As I came through the bedroom door, Sherpa, who was sitting with her back to me at a corner of the dressing table where two mirrors meet at right angles, turned her head. I have no doubt that she heard me coming and that she also recognised my reflection as me, but did she equate the image of the cat in the mirror as herself? Does she realise that a unique cat we call Sherpa exists and is it she?
We are told that, unlike children older than two years, primates except gorillas, elephants and at least one magpie, cats fail the mirror self recognition test. This puts their self awareness in doubt. I don’t have access to the original research, so I don’t know the age of the cats tested and whether they had experience of mirrors or other reflective surfaces like puddles before being tested. I do know that both Banjo and Sherpa show a calmness when confronted by a cat image in a mirror, that is never apparent when a feline intruder enters their territory.
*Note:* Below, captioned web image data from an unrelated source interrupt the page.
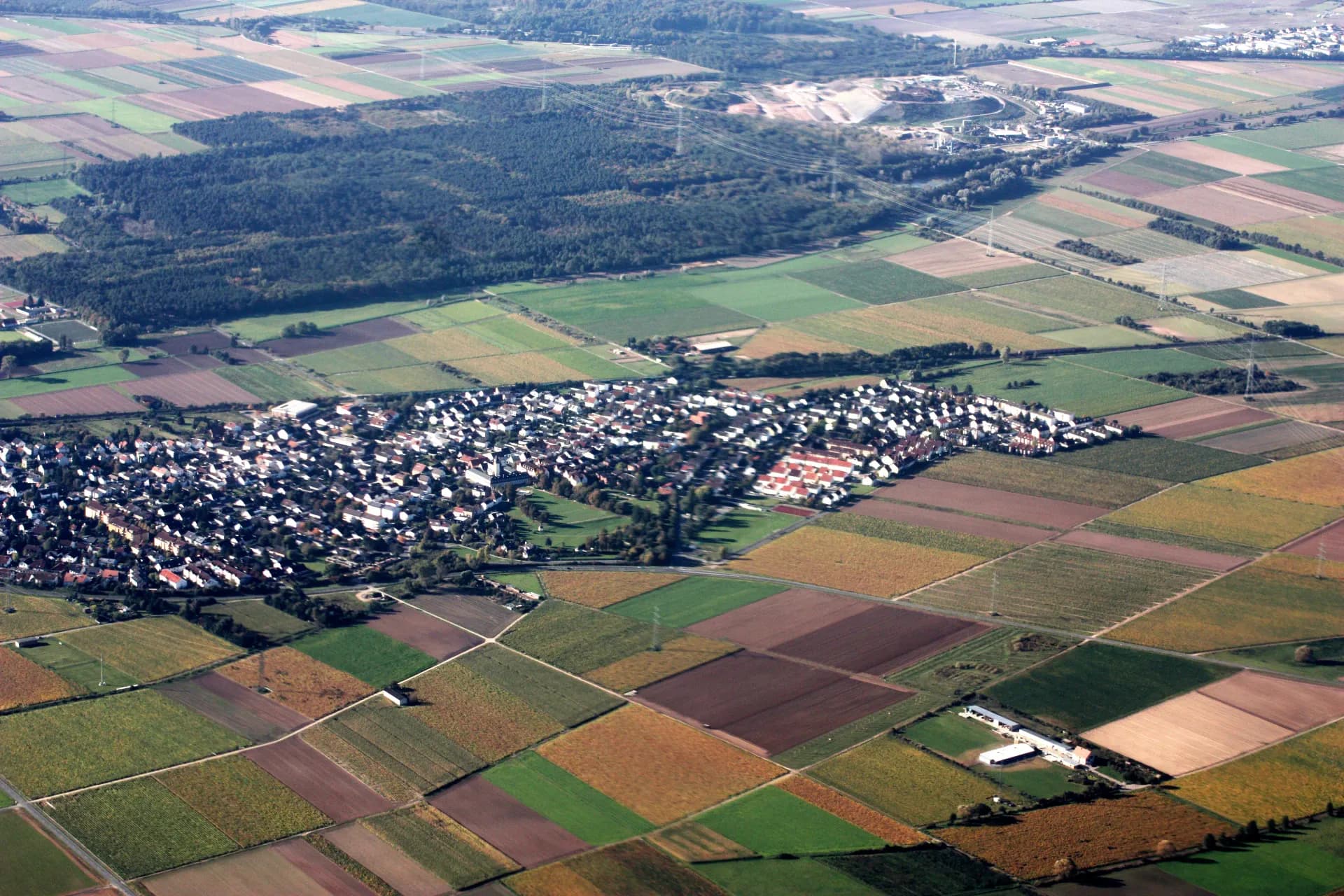 Weiterstadt-Braunshardt aus der Luft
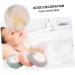 NOLITOY 3 Pcs Natural Two-Ball Bath Sponge Set for Women - Body Wash Accessories Mesh Bath Ball & Plastic Fiber Scrubber - Buy Online on SooperMarket.com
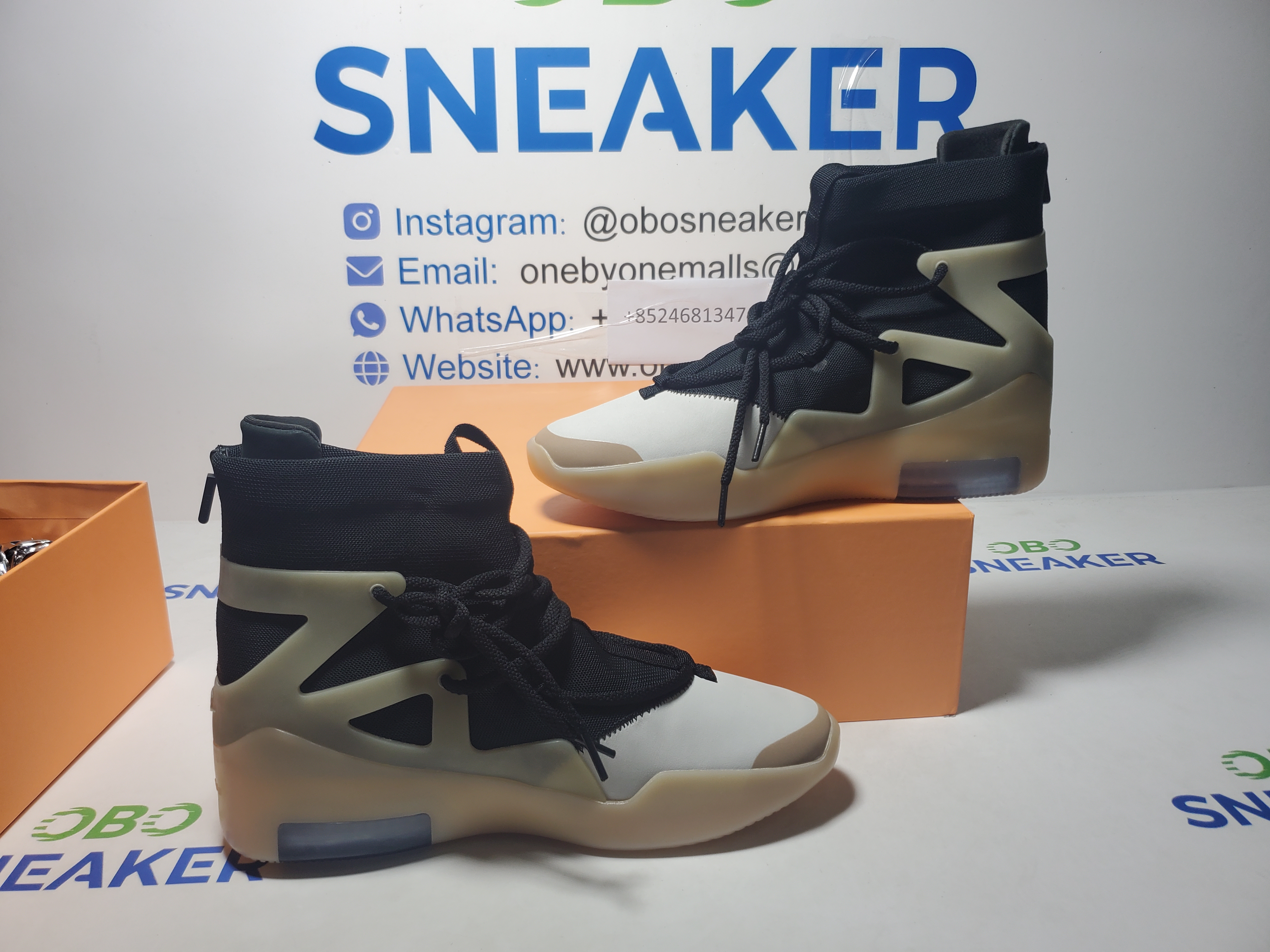 Nike Air Fear of God 1 String The Question AR4237-902 review Obosneaker 01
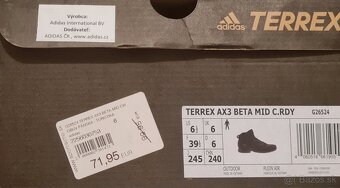 Prechodné až zimné Adidas Terrex veľ.39,5 - 4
Their behaviour is very different to that of the blue tit which happened to see its reflection in the wing mirror of my car. The small bird undoubtedly saw, very close to where it stood, what looked like another member of its species, which failed to fly off when threatened. Bewildered it flew to the back of the mirror, found no bird there and returned to the reflective side. Repeated movements from one side to the other failed to establish a connection between the image and itself. Mirror self recognition was too difficult a problem for the undoubted problem solving abilities of this blue tit.
Mirror self recognition is only one aspect of self awareness. Full self awareness is something which I, and presumably the cats, have yet to achieve.